- Genre: Science fiction
- Based on: Red Planet by Robert Heinlein
- Voices of: Pat Fraley Mark Hamill Haven Hartman Benny Luciano Roddy McDowall Marcia Mitzman Gaven Stanley Ralph Ross Nick Tate
- Country of origin: United States
- Original language: English
- No. of seasons: 1
- No. of episodes: 3

Original release
- Network: Fox Kids
- Release: May 14 – May 28, 1994

= Red Planet (miniseries) =

Red Planet is a 1994 animated miniseries created by Gunther-Wahl Productions. It was adapted from the 1949 Robert A. Heinlein novel of the same name, with the teleplay written by Julia Lewald. The miniseries had three half-hour episodes.

Ownership of the series passed to Disney in 2001 when Disney acquired Fox Kids Worldwide.

==Plot summary==
Jim Marlowe (voiced by Benny Grant), Jr., and his little sister, Phillis Jane "P.J." Marlowe (voiced by Haven Hartman), are teens growing up on the distant mining world of New Aries. Life on New Aries is difficult, with its surface being a red-colored desert. Along with the harsh climate and severe weather, there are many dangerous creatures living on New Aries, such as the three-headed Cerberus Hounds, the swift and voracious Water Seekers, and the misunderstood Locals, creatures so rare and dangerous they border on urban legend.

Jim has recently acquired a new pet, a "roundhead" called Willis (voiced by Pat Fraley) with the parrot-like ability to mimic human speech and record conversations. When Willis needs to move quickly, he extends his limbs which gives him a quadruped appearance, and can climb virtually anything. Willis is small, furry, and playful, can survive both on the surface of New Aries and the Earth-like atmosphere of the colony, and has some sort of connection with the Locals on an almost empathic level.

As Jim and P.J. are about to be sent off to a boarding school, their mother (voiced by Marcia Mitzman Gaven), the colony's medical officer, discovers a substance deep within the mines that is killing the miners. The school's headmaster Marcus Howe (voiced by Roddy McDowall) and the colony leader (voiced by Nick Tate)—a company man from the Beta Earth Mining Company—learn of Jim Marlowe's new pet, and plot to steal him for medical experiment in order to generate a serum to protect the miners, and thus, keep the company in the black. Willis records this entire conversation, which prompts Jim, Willis, and P.J. to escape into the desert. With their life-support running low, they are forced to take shelter in a carnivorous plant, using the process of photosynthesis so the plant will generate oxygen and keep them alive.

Running from New Aries' many dangerous life-forms, they are eventually found by the Locals. They are enraged by the attempted capture of the tiny Willis. In the end, only Jim and Willis' friendship save the colony world from destruction by the angered natives, who reveal themselves to be an intelligent, highly advanced subterranean race.

Willis then tells Jim that it is time for him to go. He is finished being a child, and must become an adult via metamorphosis. One of the colony's doctors correctly assumed that Willis was not a separate species from the Locals, but rather a Local in its infant form. Jim says that he will wait for Willis to finish changing, but Willis states that this will take a long, long time. He and Jim will probably never see one another again.

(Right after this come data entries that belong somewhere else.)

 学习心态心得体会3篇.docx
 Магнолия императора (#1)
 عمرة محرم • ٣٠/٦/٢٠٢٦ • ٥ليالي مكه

Many decades later, New Aries has been terraformed into a green, Earth-like world, with humans and Locals living side by side in peace. Willis, now a full-grown Local, has befriended Jim's young granddaughter, and spends time with her wandering the grass-covered hills and telling her stories of the adventures he and her grandfather had together.

==Episodes==
1. Part 1 (5/14/94): written by Martin Isenberg, Robert Skir, and Julia Jane Lewald
2. Part 2 (5/21/94): written by Julia Jane Lewald
3. Part 3 (5/28/94): TBA

==Differences from novel==
- The story takes place on the fictitious planet of New Aries instead of Mars. It (supposedly) has a higher gravity than Mars, making it somewhere closer to Earth's.
- Jim's little sister, P.J. is the main supporting character. In the novel, this role was filled by his classmate, Frank Sutton.
- The main conflict in the novel was that the colonial governor was attempting to find some way to keep the miners working during the harsh winter months as well as their families need not move during the unbearable time on the planet, as the annual migration could get expensive. In the miniseries, the main problem was missed work as poison in the mine was slowly killing the miners.
- In the novel, Willis is confiscated by the school's headmaster since it is against the rules to have pets. He is then taken from the headmaster by the colony leader, Beecher, in order to sell him to the London Zoo for a hefty sum. In the miniseries, both the headmaster and the colony leader are in on a plot to steal Willis and study his alien physiology to find an antidote to the poison in the mines.

==Intent==
Karen Barnes, who acted as the vice president of Fox Kids programming, said that Red Planet received the adaptation because it has many "characters that kids can relate to."